Task brief → When you reach the line with "TOPmalaysia's tweet photo." in the records below, begin transcribing exactly and continue up to and including the line with "204 Woodhaven Dr photo 1", leaving out every picture.

Supplied records →
^^^^^^^^
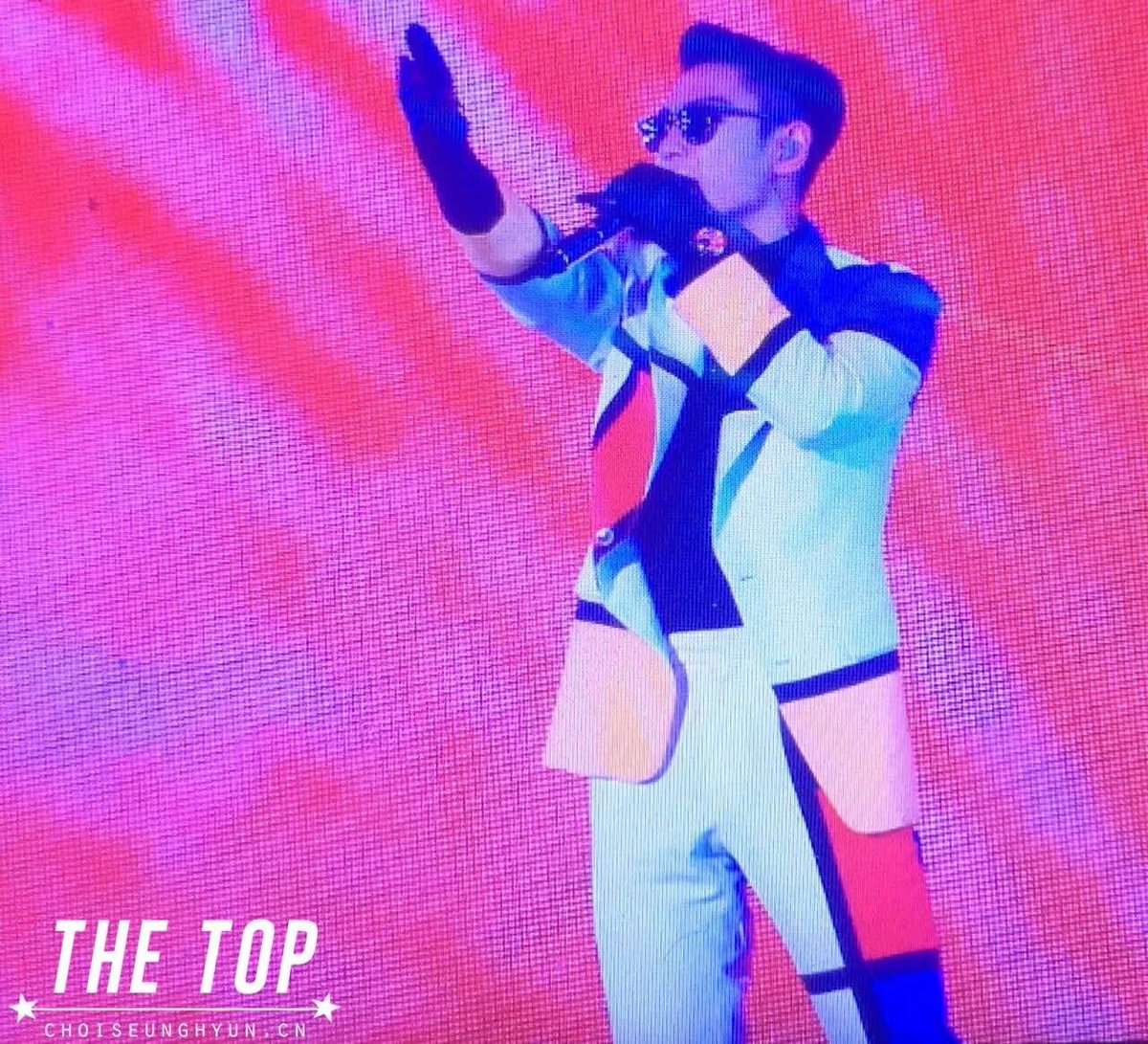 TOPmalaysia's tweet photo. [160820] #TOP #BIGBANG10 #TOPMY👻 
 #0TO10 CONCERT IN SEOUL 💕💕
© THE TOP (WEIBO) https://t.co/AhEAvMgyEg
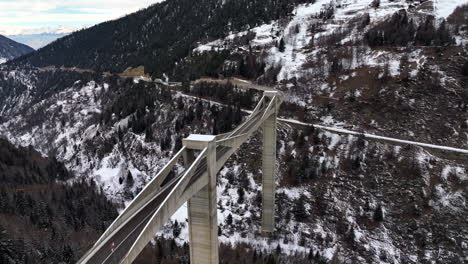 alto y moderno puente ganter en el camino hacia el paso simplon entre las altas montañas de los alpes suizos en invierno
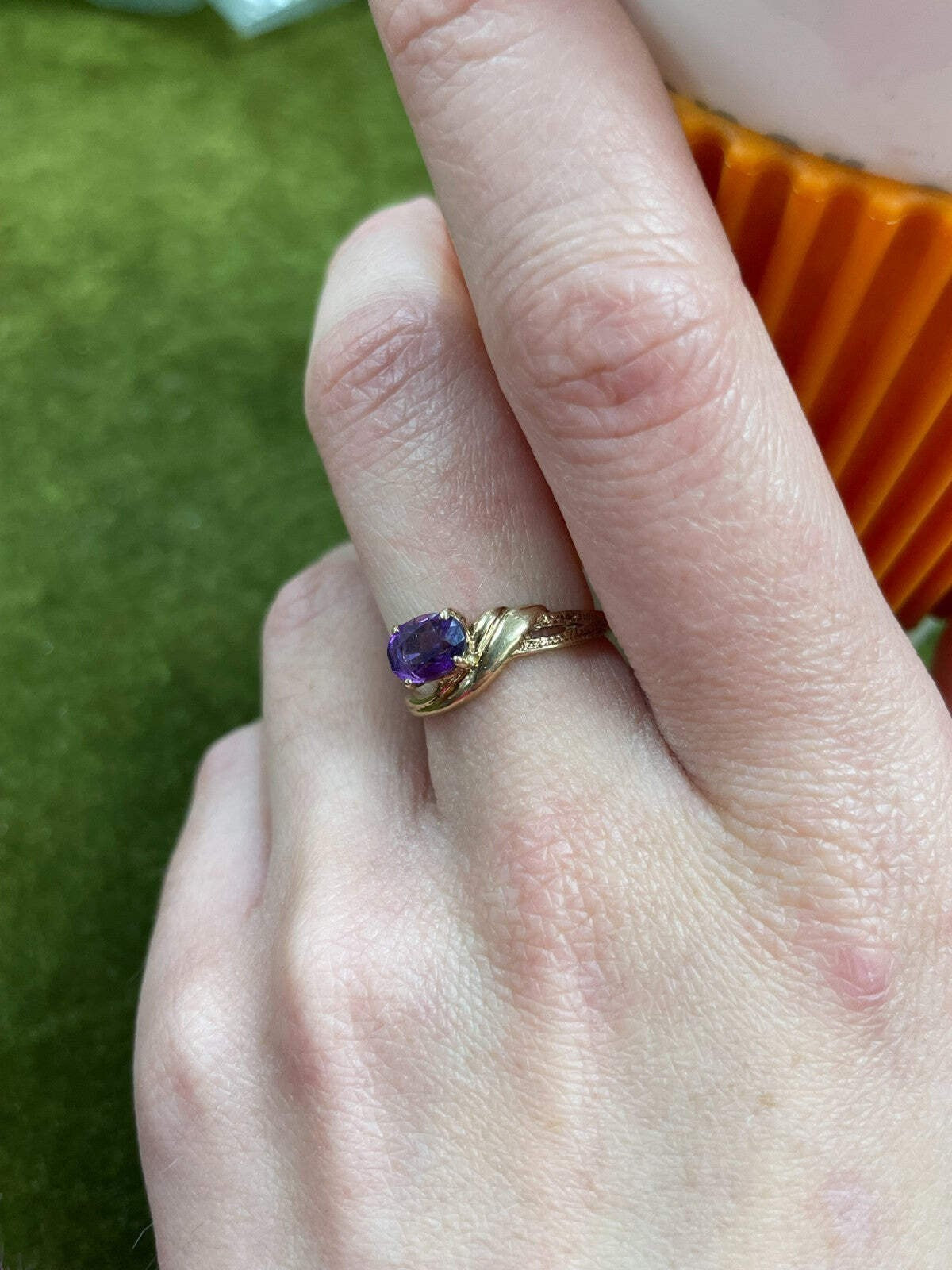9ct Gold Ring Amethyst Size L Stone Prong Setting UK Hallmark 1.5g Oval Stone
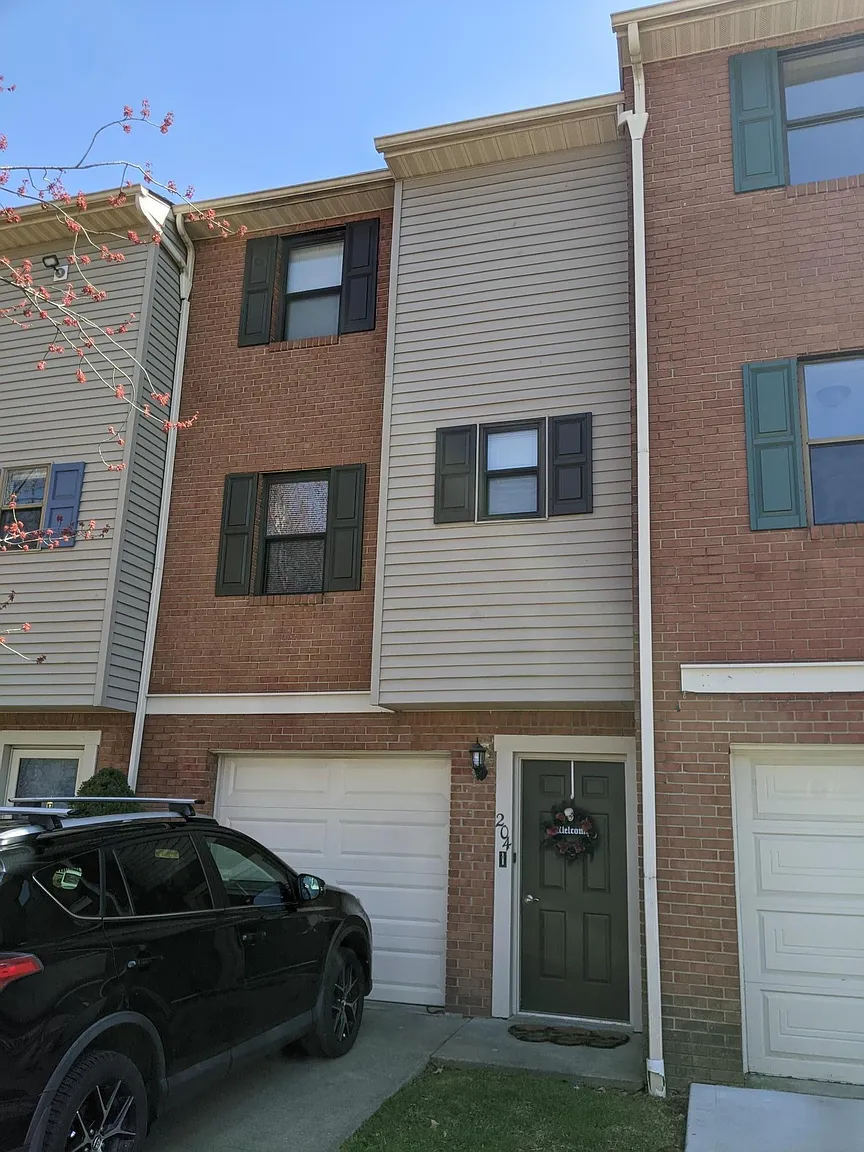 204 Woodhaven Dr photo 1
^^^^^^^^
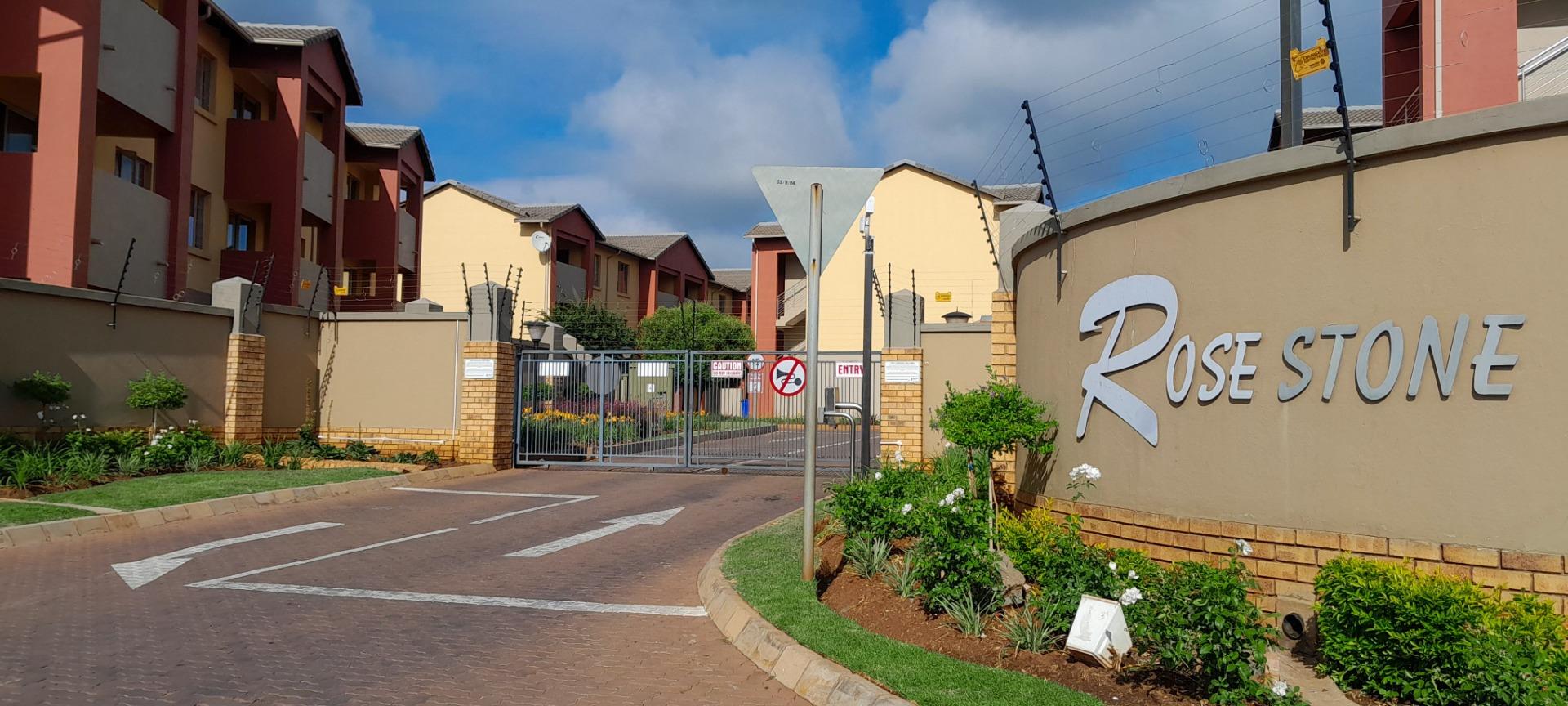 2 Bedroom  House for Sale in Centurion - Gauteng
^^^^^^^^
Exercise solution →
 TOPmalaysia's tweet photo. [160820] #TOP #BIGBANG10 #TOPMY👻 
 #0TO10 CONCERT IN SEOUL 💕💕
© THE TOP (WEIBO) https://t.co/AhEAvMgyEg
 alto y moderno puente ganter en el camino hacia el paso simplon entre las altas montañas de los alpes suizos en invierno
9ct Gold Ring Amethyst Size L Stone Prong Setting UK Hallmark 1.5g Oval Stone
 204 Woodhaven Dr photo 1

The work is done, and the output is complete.